Hay que leer. Es una de las frases en las que se insiste de manera machacona y sin mayores explicaciones. Las ferias del libro se acompañan de planes de fomento de la lectura, y de eternos debates como el de la obligatoriedad o no de la lectura como tarea académica. En algunos aspectos es mejor no hurgar mucho en el asunto, pues se dice que en España se lee cada vez más, pero los informes educativos sugieren que nuestros alumnos entienden cada vez menos. La obsesión burocrática llega hasta el extremo: según tengo entendido incluso en una enseñanza tan técnica y específica como la formación profesional hay que incluir el consabido plan de fomento a la lectura, que es obligatorio en toda programación didáctica que se precie. Como Sísifos del libro, cada año elaboramos planes que culminan al inicio de verano, voviendo a caer la pesada piedra del desapego hacia el libro y su cultura.
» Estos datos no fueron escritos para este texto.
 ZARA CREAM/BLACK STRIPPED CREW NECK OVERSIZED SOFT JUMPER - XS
Esta obsesión por la lectura es cuestionada por Schopenhauer en uno de los pasajes finales de Parerga y Paralipómena. Explica el autor alemán que leer es similar a llevar nuestro pensamiento de la mano del autor del libro, que no deja de ser una suerte de andadera intelectual. En opinión de Schopenhauer la lectura es un obstáculo para el pensamiento libre y autónomo, y la tarea del educador consiste en seleccionar cuidadosamente qué títulos y autores se leen en cada caso. En consecuencia, no habría que leer mucho en la vida, pues esto tendría un efecto paralizante. Más bien, habría que leer poco pero bien: buenos textos que nos capaciten para echar a volar por nosotros mismos. Una idea, como tantas otras de las de Schopenahuer, políticamente incorrecta y que se dirige contra el gran prejuicio común que identifica un libro con un valor cultural incuestionable.
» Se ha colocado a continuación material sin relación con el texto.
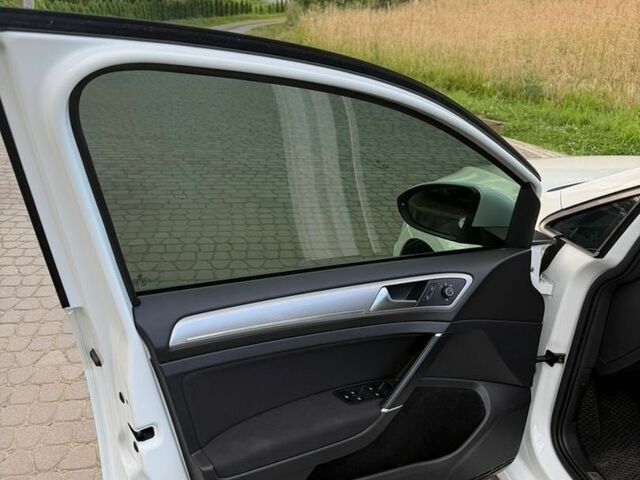 Білий Фольксваген e-Golf, об'ємом двигуна 0 л та пробігом 109 тис. км за 11000 $, фото 17 на Automoto.ua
La cuestión es que quizás tenga Schopenhauer parte de razón. Que estemos ya un tanto saturados de según qué tipo de obras que sin embargo son las que copan las listas de ventas. Que la lectura, como imperativo y obligación, resulta contraproducente y genera el efecto contrario al buscado. Que en ocasiones cargamos de libros que ni son necesarios ni aportan demasiado al desarrollo de nuestras clases, volcando quizás gustos personales o "viejos amores literarios" del pasado sobre nuestros alumnos. Que más valdría conocer bien pocos libros que aspirar a leer muchos, y que los autores clásicos, en todos los órdenes, lo son por algo. Y que obligar por ley a escribir los planes de fomento a la lectura no necesariamente nos va a convertir en una sociedad en la que se lea más ni mejor. Continuando con la idea del decrecimiento de la que hablábamos hace unos días: puede que en la lectura, leer menos sea también leer más. Por mucho que esté muy mal decirlo. Y más entre profesores.